I pretended to be a NASCAR driver once ....didn't work out real well. pretending is doing


----------



## dixiecutter (Jan 27, 2017)

only the kid would have the gun. cricket .22 with un-usable iron sights.  a SMALL child. obviously at 6 or 7 years old, pretending goes out the window. None of this matters if the daddy is liscensed and the species in question is in season. hypothetically- can a kid thats too little to hunt pretend to hunt in the offseason (would it fly?)


----------



## sinclair1 (Jan 27, 2017)

dixiecutter said:


> only the kid would have the gun. cricket .22 with un-usable iron sights.  a SMALL child. obviously at 6 or 7 years old, pretending goes out the window. None of this matters if the daddy is liscensed and the species in question is in season. hypothetically- can a kid thats too little to hunt pretend to hunt in the offseason (would it fly?)


You answered your own question with he probably wouldn't hit anything, but what if he does?


----------



## carver (Jan 27, 2017)

Brianduffey said:


> if your pretending to carry cocaine but your really  carrying corn starch or baby powder can the cop arrest you?



I think they can shoot you


----------



## b rad (Jan 27, 2017)

dixiecutter said:


> only the kid would have the gun. cricket .22 with un-usable iron sights.  a SMALL child. obviously at 6 or 7 years old, pretending goes out the window. None of this matters if the daddy is liscensed and the species in question is in season. hypothetically- can a kid thats too little to hunt pretend to hunt in the offseason (would it fly?)



your land or wma or public land that's the question if its ur land have at it just don't go on wma carrying a gun in off season u will for sure get a ticket if they see u unless u have a carry license and I would think that it would only apply to a handgun for defense during scouting 
all u have to tell GW is ur target shooting on ur own land bc really that's all ur doing if ur not really killing a squirrel have him kill armadillos my son has fun doing it


----------



## Hooked On Quack (Jan 27, 2017)

sinclair1 said:


> I pretended to be a NASCAR driver once ....didn't work out real well. pretending is doing


----------



## b rad (Jan 27, 2017)

carver said:


> I think they can shoot you



only if they catch me


----------



## Miguel Cervantes (Jan 27, 2017)

dixiecutter said:


> If you took a 5 year old "hunting" for "squirrels". If you believe you won't see a squirrel, and your 100% certain the kid can't hit one if you do, you're really just playing dress up, enjoying the woods letting the kid believe you're really trying to hunt, question: does the species you're pretending to hunt have to be in season?



Yes.


----------



## swamp hunter (Jan 27, 2017)

Your land ..Do what you want..
Land owners are usually the best Stewards of Their land anyways. Have some fun with the young Hunter before he finds out what Women are....


----------



## bfriendly (Jan 27, 2017)

dixiecutter said:


> If you took a 5 year old "hunting" for "squirrels". If you believe you won't see a squirrel, and your 100% certain the kid can't hit one if you do, you're really just playing dress up, enjoying the woods letting the kid believe you're really trying to hunt, question: does the species you're pretending to hunt have to be in season?

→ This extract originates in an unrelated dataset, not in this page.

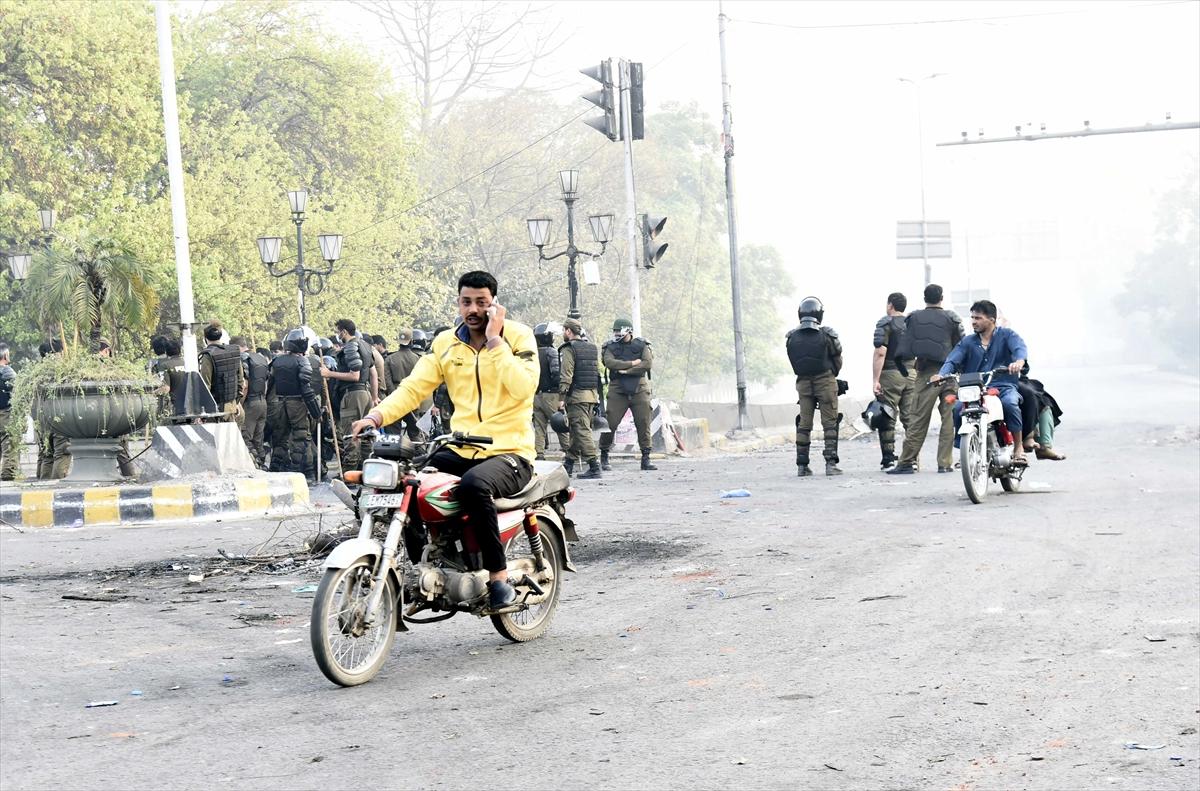 Pakistan'da İmran Han gerginliği! Destekçileri sokağa indi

Your land, no problem, but make sure you are pretending to be Hog hunting, or maybe Coyote or Crows causing agri damage......... if you go on public land, there would need to be a season going on.......change up the game. Definitely get the little one in the woods


----------



## bfriendly (Jan 27, 2017)

Be sure to find a place and time so the little one gets to Shoot the gun..........dont think they'll hit something? Let them try. ......you may be surprised
The young ones have better eyes than an old geezer like me..........my kid is 13, but has been a really good shot with a Marlin 60 .22lr, since he was about 7 or 8.........fix the iron sights if you can. That little one needs to be confident and will be as soon as they blow up a can or water bottle


----------



## dixiecutter (Jan 28, 2017)

yes. walking and shooting. and throwing sticks. and peeing as far as possible. that's the idea really. but when i tell _him_ we're squirrel hunting he gets excited, when what we're doing in almost no way resembles a squirrel hunt. really my only concern is if a leo asks us what we're up to he'll say "WE'RE SQUirL HuNTING!" which would then demand an explaination.


----------



## bfriendly (Jan 28, 2017)

dixiecutter said:


> yes. walking and shooting. and throwing sticks. and peeing as far as possible. that's the idea really. but when i tell _him_ we're squirrel hunting he gets excited, when what we're doing in almost no way resembles a squirrel hunt. really my only concern is if a leo asks us what we're up to he'll say "WE'RE SQUirL HuNTING!" which would then demand an explaination.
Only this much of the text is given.